"I have never wanted to do this documentary in my life," Mariah says during the first episode of the eight-part E! series, Mariah's World. She's aboard a yacht—a gift from her (soon-to-be-former) fiancé, James Packer, who has his own yacht parked nearby. He's a night person and she's a day person, she explains, so naturally they can't be on the same yacht. "There's so little privacy in entertainment anyway," she continues. "But I think if I don't document this now, I don't know when I'm gonna do it again, and I think it's gonna be something I'm gonna treasure ultimately."
Just a few months earlier, elaborating on the series, she told the New York Times: "I refuse to call it a reality show... I thought it would be a good opportunity to kind of, like, show my personality and who I am, even though I feel like my real fans have an idea of who I am."
Mariah Carey is right; we already know who she is. She's the singer with the impressive range who married the man who discovered her only to eventually break free from his control and pen 1997's Butterfly. She's the fan favorite who had a nervous breakdown live on MTV's Total Request Live in 2001. She's the diva who coined "I don't know her" when asked about rival Jennifer Lopez (only to be asked again, years later, and responding, "I still don't know her"). She may not know Lopez, but we know her. The elusive chanteuse is not quite as elusive as she may think.
We also don't need a reality show to remind us that. Carey calls Mariah's World a documentary again and again; it is not. Not only would the editing and story structure disagree, but so would the cast of characters who the show's producers have chosen to highlight. One standout is the singer's comically difficult manager, Stella Bulochnikov—who bumps heads with creative director/choreographer Anthony Burrell (in turn, Burrell, of course, bumps heads with her backup singer MaryAnn Tatum). Furthering the notion that this is more reality show than docu-series, Mariah's World throws in a strange made-for-TV B-plot where Stella hires a tour assistant who has a mini breakdown while setting up Mariah's Apple TV. (Mariah will later prank call this poor assistant, adding to the "light funness" of the Mariah persona.)
Manager Bulochnikov even plays more like a reality TV star—specifically, like a Real Housewife of New Jersey—than a manager.
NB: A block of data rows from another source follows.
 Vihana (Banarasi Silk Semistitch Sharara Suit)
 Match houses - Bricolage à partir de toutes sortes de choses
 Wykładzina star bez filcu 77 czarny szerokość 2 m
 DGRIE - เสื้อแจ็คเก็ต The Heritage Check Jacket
This is unsurprising, considering she took over seemingly by force in 2015 when Mariah dramatically canned her publicist Cindi Berger and went with "a fresh approach." In a Page Six article titled "Why Mariah Carey's manager is more like a 'dictator,'" Bulochnikov was described as such:
"Stella is the furthest thing from a manager. She's a TV producer. She's practically moved in with Mariah and now she has so much stuff on her that she can get her to do anything. She's pulling the strings, and Mariah does whatever she says."
One of the strings she pulled was putting together Mariah's World. This is perhaps why it felt a little strange to longtime Mariah fans: It was something the singer would never do—something she didn't need to do.
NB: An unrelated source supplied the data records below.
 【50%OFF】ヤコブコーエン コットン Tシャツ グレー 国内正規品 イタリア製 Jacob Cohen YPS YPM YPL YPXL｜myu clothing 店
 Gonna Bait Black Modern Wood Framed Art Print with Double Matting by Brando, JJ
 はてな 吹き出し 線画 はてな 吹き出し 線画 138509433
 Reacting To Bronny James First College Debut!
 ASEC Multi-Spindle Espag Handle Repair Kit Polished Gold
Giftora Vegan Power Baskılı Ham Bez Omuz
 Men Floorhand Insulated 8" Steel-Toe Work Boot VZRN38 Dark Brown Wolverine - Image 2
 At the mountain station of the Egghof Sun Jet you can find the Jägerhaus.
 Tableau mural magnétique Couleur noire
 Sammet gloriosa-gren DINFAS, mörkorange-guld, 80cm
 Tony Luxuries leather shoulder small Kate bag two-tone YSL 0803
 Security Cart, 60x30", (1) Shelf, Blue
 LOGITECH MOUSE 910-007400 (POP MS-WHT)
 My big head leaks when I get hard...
But if she's going to do it, it's clear she'll do it her way. Mariah's World includes a reality show staple, but with her own Mariah twist: a perfectly lighted confessional. Mariah is perhaps the first reality star to provide commentary exclusively while draped horizontally across a chaise lounge.
Following common reality show tropes, Mariah's World also includes a love interest—not from the advertised source, billionaire James Packer, but from a young background dancer, Bryan Tanaka. Tanaka's confessionals (reportedly recorded long after the fact) reveal that he's majorly crushing on his pop-star boss. How cute! She flirts with him, harmlessly at first, but we all know that Mariah and Packer are not meant to be. Soon, she'll be very Tanaka—very publicly. It's weird watching what we're supposed to assume is the blossoming of their relationship, because it's almost certainly very specifically arranged, produced, and scripted television.
But while Mariah's World is certainly not a documentary, it still manages to be a frank and accurate look at Mariah Carey. Mariah has always given the illusion of "realness"—her frequent spouting of "I don't know her," her connection to her fans (the lambs, of course), her rendition of "4real4real" off 2008's E=MC². Where Beyoncé is inaccessible, Mariah is available and willing to comment. She manages to project the image of a diva while somehow remaining endlessly relatable. Perhaps it's because she helped pioneer and encourage a modern fandom identity—speaking directly to her lambs in a language seemingly made just for the both of them. Her penthouse apartment was MTV's Cribs most memorable: She let us into her home—her multimillion dollar home, sure, but when she hopped on an elliptical in stilettos, there was no one we felt we knew better than Mariah.
In that way, the show manages to straddle Mariah's own self-identity and that which makes her endlessly entertaining, both on and off the stage. She insists that she's authentic, straightforward, and without filter while maintaining a well-documented fear of fluorescent lighting (she won't be photographed in it without sunglasses, even going over choreography in shades). She remains, as always, the ultimate elusive chanteuse—even while convincing us that we know her.